【ずるい仕事術】サラリーマンがやりたくないことをやらずに成果を出す方法
―― 書籍『佐久間宣行のずるい仕事術』は発売5日で8万部を超えるベストセラーに! この本は、どんなきっかけで企画されたのですか?
石塚理恵子(以下、石塚) わたしは小学校の頃からラジオが好きで、会わせてくれると言われたらアイドルより吉田照美さん(ベテランの人気ラジオパーソナリティ)に会いたい子どもでした。著者の佐久間宣行さんもラジオ「オールナイトニッポン0」で知り、「サラリーマンでありながら深夜ラジオのパーソナリティをつとめられ、会社ではなく個人の名前で驚くほどの数のファンを抱えられるって羨ましい!」「こんな働き方をしたい!」と思う方は多いはず、と企画しました。
わたしは企画ありきで著者の方を探す場合と、著者ありきで企画を立てる場合が半々ですが、今回は著者ありきで企画を立てた形になります。なぜなら大ファンだったからです(笑)。
―― 趣味と実益を兼ねた企画で、いっそう熱が入りそう(笑)! 著者の佐久間さんは当時、テレビ東京のプロデューサー(のちに退社してフリー)で、「ゴッドタン」「あちこちオードリー」などを担当しておられましたが、企画を打診したときの反応はいかがでしたか?
石塚 オファーさせていただいたのはテレビ東京を退社されるそのタイミングでしたので、想定内ではありましたが、多くの出版社から執筆オファーがあったそうです。そこで佐久間さんのジャッジをお待ちすることになったのですが、今回は「ビジネス書としての仕事術の本」という企画内容で選んでくださった、とうかがいました。
個人的には佐久間さんの「企画術」や「発想術」、佐久間さんがお詳しい「エンタメ(エンターテインメント)コンテンツ」にとても興味があったのですが、こうしたわたしの興味はニッチなので、より多くのみなさんが佐久間さんから知りたいことはなにかを考え、このテーマでオファーをさせていただきました。
とはいえ佐久間さんのファンは小学生から60代以上まで幅広く、もちろんエンタメファンが多いことは容易に想像できたので、下手にエンタメから離れてよいものかと、テーマ選びにはとても迷いました。ただベストな企画はなにかを考えると、やはり多くのビジネスパーソンに刺さる「仕事術」というこのテーマであるような気がして、ここに賭けることを決めました。

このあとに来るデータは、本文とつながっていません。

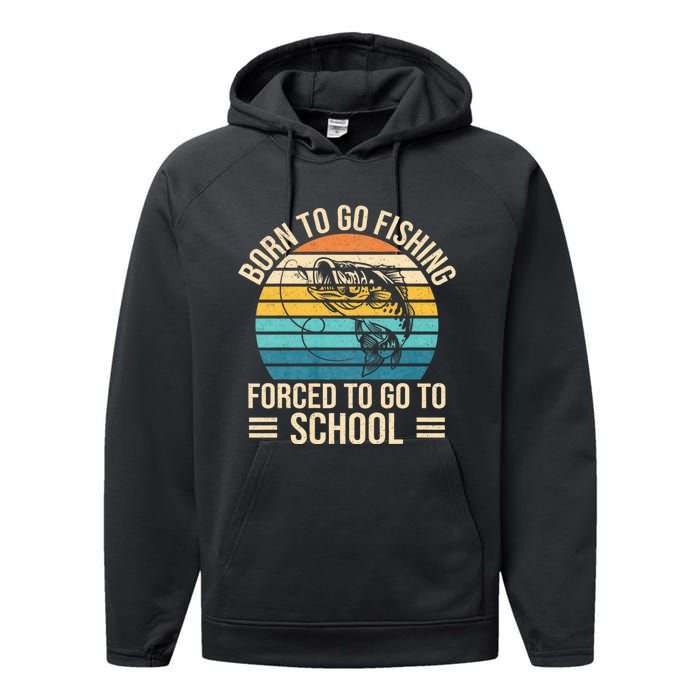 Born To Go Fishing Forced School Funny Fishing Performance Fleece Hoodie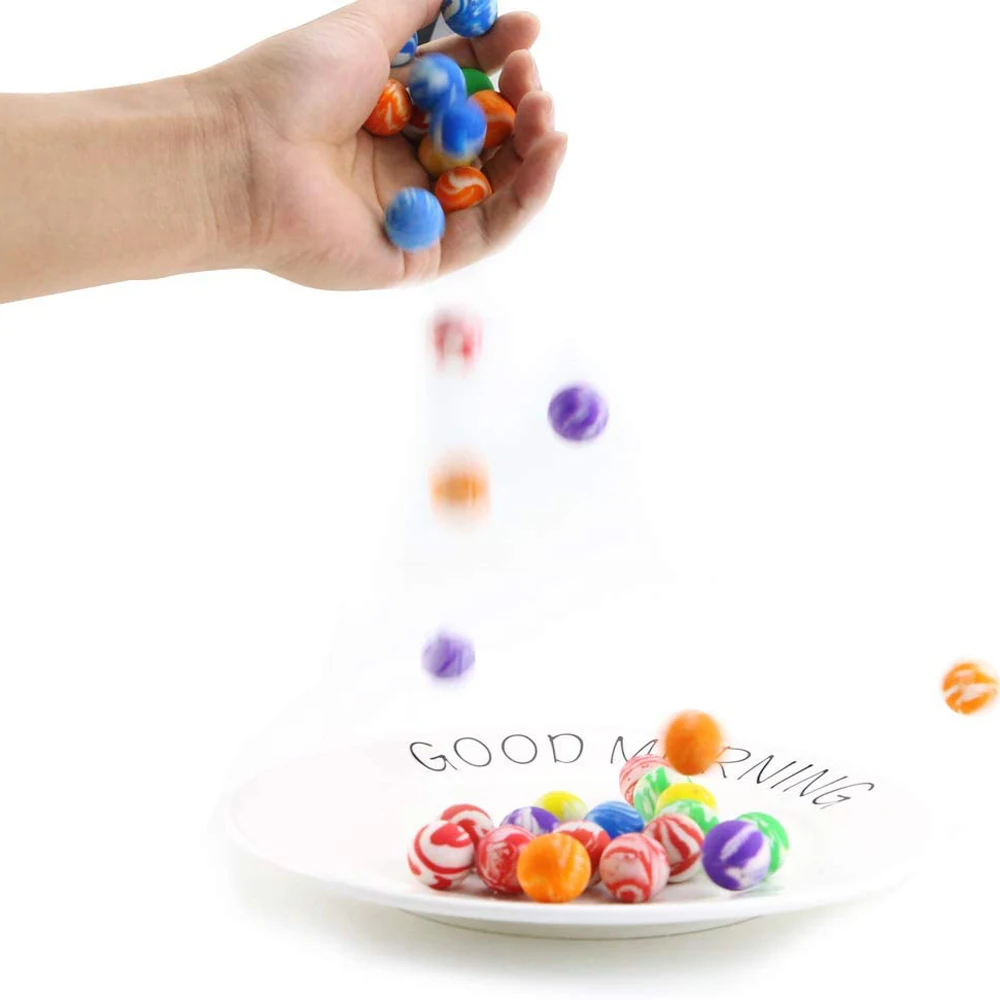 ของเล่นของเล่นตลก Elastic MINI สําหรับเด็กที่มีสีสัน Swirl Bouncing Balls Bouncing Balls ลูกยางลูกกระโดด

―― より広い層に響くテーマにして大成功だったのでは! 帯コピーの「誰とも戦わずに抜きんでる」というのは、多くの方にとって理想だろうなと思いました。
石塚 編集者の仕事をサッカーにたとえると、著者の方に「どのゴールに向かってボールを蹴っていただくか」を決める仕事だと思っています。ここをまちがえると、ゴールネットは決して揺れない。その意味で今回のテーマ選びは、「ここでほんとうに合ってるかな」と勇気がいるむずかしい選択でした。
出さなかったほうの企画の結果を知る術はありませんし、今回のテーマ選択が正解だったかはわかりません。ただAmazonを見ていると、すでに1200(!)以上のレビューがついていて、そのどれもが「このテーマを選んでよかった」と感じさせてくれるものでした。これを見て少しだけ肩の荷がおりましたが、これも著者のお力だと思います。
本の表紙にも仕掛けが……
―― レビュー1200はすごいですね。本を開くと、佐久間さんが普段もっているカバンの中身や、メンタル回復スポット&ドラマ・本の紹介、オフショットぽいカバーの写真など、ファンの方が喜ばれそうなコンテンツも入っていつつ、でも全体のなかで実はそんなに多くないんですよね。仮に佐久間さんのことをよく知らない方が手に取った場合も、ビジネスにすぐ役に立ちそうな内容をわかりやすく丁寧にまとめてある印象を受けました。この本をつくるうえで、特に工夫した、あるいは苦労された点を教えてください。
石塚 この本は私と同じように「佐久間さんが大好きな人」たちとつくらせていただきたいと考えて、制作チームを組みました。デザインもいつもお世話になっている信頼できるデザイン事務所に連絡をして「佐久間さんのファンの方はいませんかー?」と聞いてみたり。すると、どこにもかならず佐久間さんのファンはいて、その方々に「お願いします!」となりました。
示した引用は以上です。